Stack allocate small strings#270
Conversation
'error' was never a valid Python string error handler. Accept it for backwards compatibility but normalize to 'strict' internally. Update error messages to only mention valid options.
The C implementation of decode_definite_short_string was not respecting the str_errors setting - it always used PyUnicode_FromStringAndSize which only supports strict mode. Now uses PyUnicode_DecodeUTF8 with the str_errors field passed directly. Store str_errors as const char* (NULL for strict, "replace" for replace) instead of PyObject*. This eliminates a conditional in the hot path since PyUnicode_DecodeUTF8 accepts NULL to mean strict mode. Fixes agronholm#255
Skip creating an intermediate Python bytes object by using fp_read directly into a PyMem_Malloc buffer. This avoids Python allocator and reference counting overhead.
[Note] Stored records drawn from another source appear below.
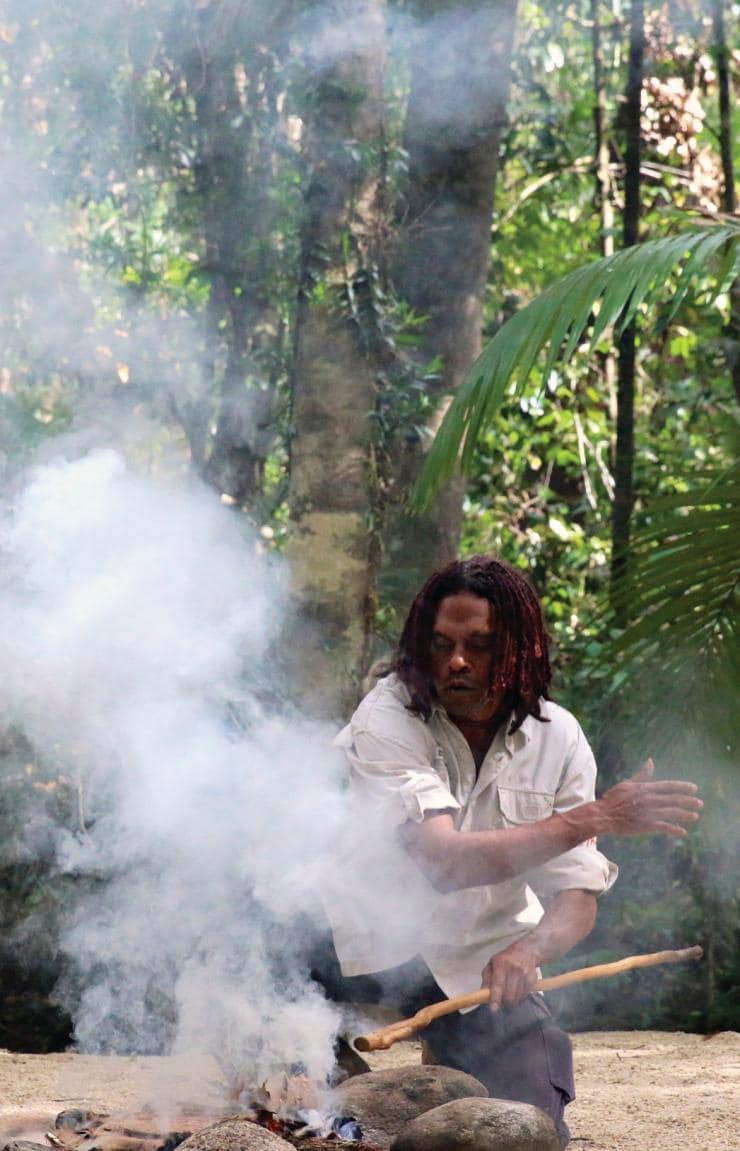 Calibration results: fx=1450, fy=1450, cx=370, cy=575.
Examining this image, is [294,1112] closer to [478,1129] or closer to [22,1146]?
[478,1129]

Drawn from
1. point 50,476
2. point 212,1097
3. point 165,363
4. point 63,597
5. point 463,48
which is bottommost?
point 212,1097

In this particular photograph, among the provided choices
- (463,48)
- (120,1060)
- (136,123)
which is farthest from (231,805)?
(463,48)

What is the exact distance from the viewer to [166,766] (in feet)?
11.9

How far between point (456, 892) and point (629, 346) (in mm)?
3601

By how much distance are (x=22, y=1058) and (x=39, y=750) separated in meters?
1.02

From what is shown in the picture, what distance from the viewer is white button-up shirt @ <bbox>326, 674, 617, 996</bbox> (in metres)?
3.09

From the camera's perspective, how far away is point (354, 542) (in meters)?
4.76

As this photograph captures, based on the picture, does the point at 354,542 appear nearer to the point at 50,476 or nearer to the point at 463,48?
the point at 50,476

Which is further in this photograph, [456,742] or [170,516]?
[170,516]

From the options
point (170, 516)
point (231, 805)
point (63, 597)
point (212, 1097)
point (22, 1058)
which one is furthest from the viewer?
point (170, 516)

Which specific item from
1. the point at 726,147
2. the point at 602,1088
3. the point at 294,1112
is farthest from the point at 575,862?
the point at 726,147

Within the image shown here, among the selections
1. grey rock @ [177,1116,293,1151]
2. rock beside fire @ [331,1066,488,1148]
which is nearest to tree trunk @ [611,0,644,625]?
rock beside fire @ [331,1066,488,1148]

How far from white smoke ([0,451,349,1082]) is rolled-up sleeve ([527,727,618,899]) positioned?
1.62 ft

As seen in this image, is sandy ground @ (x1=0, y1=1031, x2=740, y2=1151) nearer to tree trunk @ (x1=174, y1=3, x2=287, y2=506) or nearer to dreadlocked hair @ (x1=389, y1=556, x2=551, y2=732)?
dreadlocked hair @ (x1=389, y1=556, x2=551, y2=732) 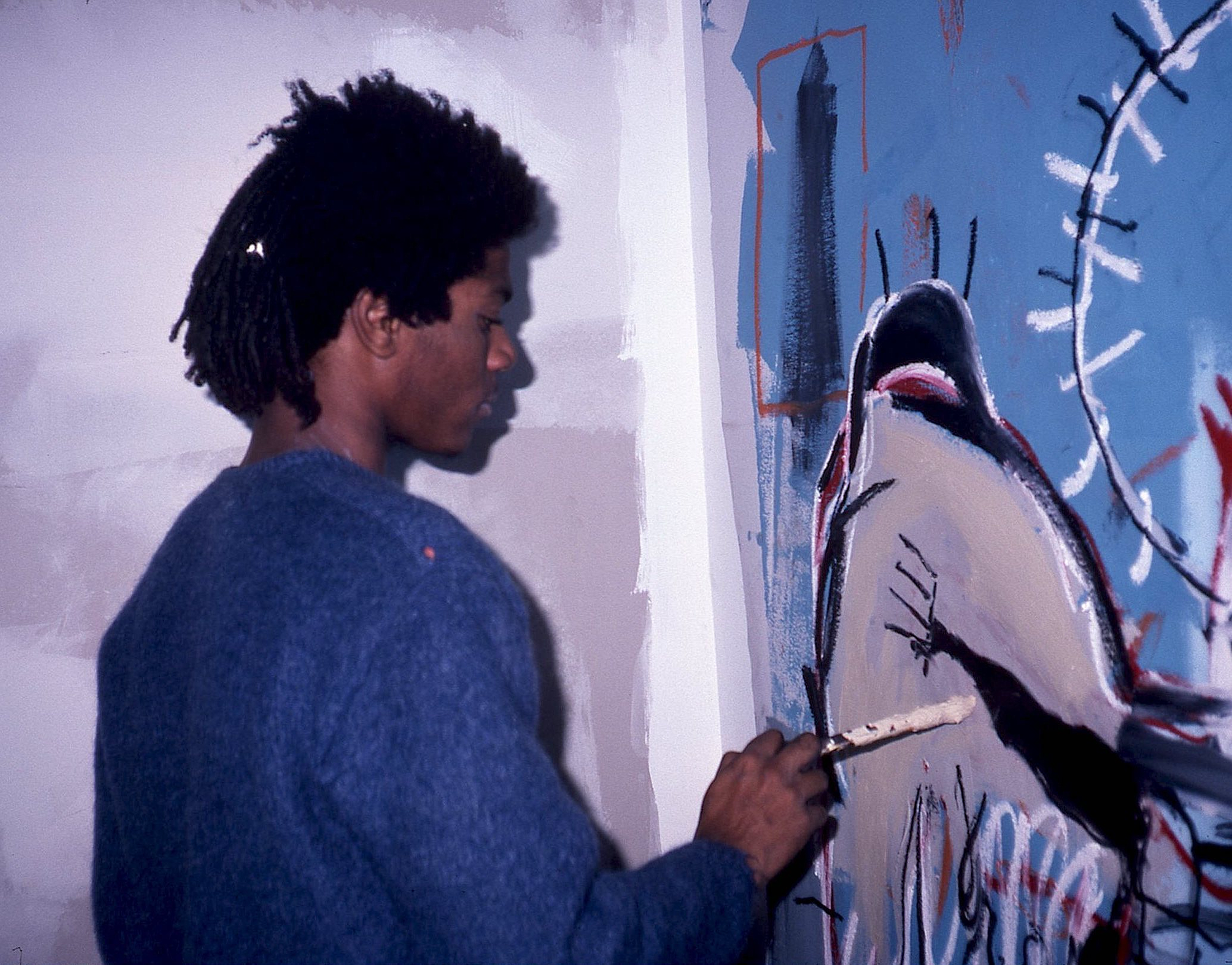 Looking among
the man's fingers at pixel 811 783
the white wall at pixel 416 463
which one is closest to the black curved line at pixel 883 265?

Use a stack buffer for strings <= 256 bytes to avoid heap allocation overhead. Larger strings continue to use PyMem_Malloc.
for more information, see https://pre-commit.ci
There was a problem hiding this comment.
I found a test which fails, even on this PR:
def test_str_errors_long_string_over_65536_bytes(impl):
"""Issue #255: str_errors not respected for strings >65536 bytes."""
# 65537 bytes: 65536 'a' + 1 invalid UTF-8 byte
payload = unhexlify("7a00010001" + "61" * 65536 + "c3")
result = impl.loads(payload, str_errors="replace")
assert len(result) == 65537
assert result[-1] == "\ufffd"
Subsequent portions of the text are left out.